Set of Greek mythical characters

Actor (Ἄκτωρ; gen.: Ἄκτoρος) is a very common name in Greek mythology. Here is a selection of characters that share this name (which means 'leader', from the verb άγω: to lead or carry):
- Actor, father of Eurytus who was an ally of Phineus during his fight with Perseus.
- Actor, a king of Phthia, was said to be the son of King Myrmidon and Peisidice, daughter of Aeolus. Some say that Actor died childless, but others say that he is the father of Eurytion, his successor or of Irus, who was also called the father of Eurytion. According to Diodorus, Actor without an heir, was succeeded by Peleus who fled to his country from Aegina for killing his half-brother, Phocus. The hero was then purified by the king for his sins. This story was usually attributed to Actor's possible son Eurytion who was slain accidentally by his son-in-law Peleus. In another account, Actor initially married Polyboea but afterwards wedded Aegina, daughter of the river god Asopus, and had several children, among them Menoetius. The latter was counted among the Argonauts, and was the father of Patroclus (Achilles' very close companion). When Actor's children plotted against Peleus, the latter drove them out of the kingdom and Actor gave his daughter Polymela to the hero and handed over the kingship to him; from this union was born a daughter named Polydora, and a son, Achilles.

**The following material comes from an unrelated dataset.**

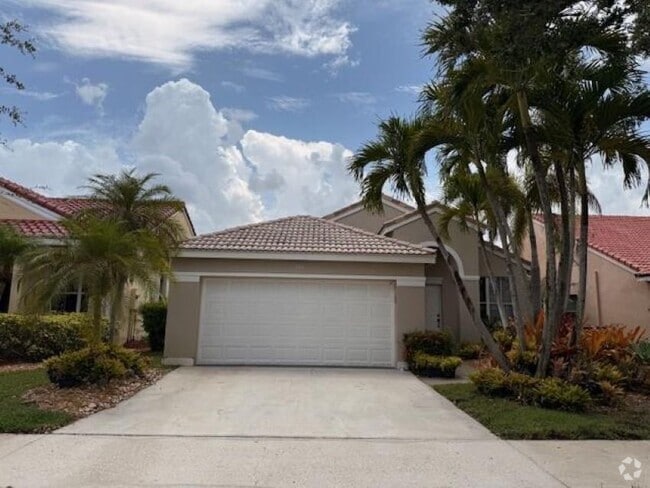 Building Photo - 920 Savannah Falls Dr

- Actor, son of King Deioneus of Phocis and Diomede, daughter of Xuthus, thus a brother of Asterodeia, Aenetus, Phylacus, and Cephalus. This Actor could be the man referred by Hesiod as the father of Protesilaus, one of the suitors of Helen of Troy.
- Actor, son of Azeus, descendant of Phrixus, was ruler of the Minyans of Orchomenus. He was father of Astyoche, who was seduced by the war-god Ares and bore him twin sons, named Ascalaphus and Ialmenus. These last two led the Minyan contingent to the Trojan War.
- Actor, son of Phorbas and Hyrmine, thus a brother of Augeas and Tiphys. He was king of Elis, and founded the city of Hyrmina, which he named after his mother. This Actor married Molione and became by her father of the twins known as the Molionides, Eurytus and Cteatus.
- Actor, the Elean son of Poseidon and Agamede, daughter of King Augeas. He was the brother of Belus and Dictys.
- Actor and Eurythemis were in one source called parents of Ancaeus (who other sources call the son of Lycurgus) and grandparents of Agapenor.
- Actor, the Achaean son of Hippasus from Pellene and one of the Argonauts.
- Actor, a Lapith. He was killed by the centaur Clanis.
- Actor, father of Sthenelus. Sthenelus followed Heracles in his campaign against the Amazons and was killed by them.
- Actor, son of Acastus, was accidentally killed by Peleus while hunting. As a retribution, Peleus sent to Acastus some cows and sheep that had been killed by a wolf sent by Thetis.
- Actor, son of Oenops, brother of Hyperbius. He was among the defenders of the Borraean Gate at Thebes when the Seven against Thebes attacked the city, and confronted Parthenopaeus at the gate.
- Actor, a warrior in the army of the Seven against Thebes. He saw a chasm open in the earth that swallowed Amphiaraus.
- Actor, an old Theban servant of Antigone, the daughter of Oedipus. During the war of the Seven against Thebes, he accompanied her to the walls when that army appeared in front of the barriers outside the city. Because of his age, Actor cannot follow the princess and he just stayed halfway up the climb to listen to her lament when she saw her brother in the enemy army.
- Actor, father of Echecles. His son married Polymele, mother of Eudoros by Hermes.
- Actor, a shepherd in Lemnos who befriended Philoctetes in Euripides' play Philoctetes. According to some accounts, he was instead the king of Lemnos whose shepherd named Iphimachus, son of Dolops, took care the abandoned hero after he was bitten by a snake.
- Actor, one of the companions of the exiled Aeneas. He is probably the same who in another passage is called an Auruncan, and of whose conquered lance Turnus made a boast. This story seems to have given rise to the proverbial saying "Actoris spolium" ("the spoil of Actor"), for any poor spoil in general.
- Actor, father of Actoris (though unnamed in the Odyssey) who was given by Icarius to his daughter Penelope after her wedding with Odysseus to serve as her personal handmaiden.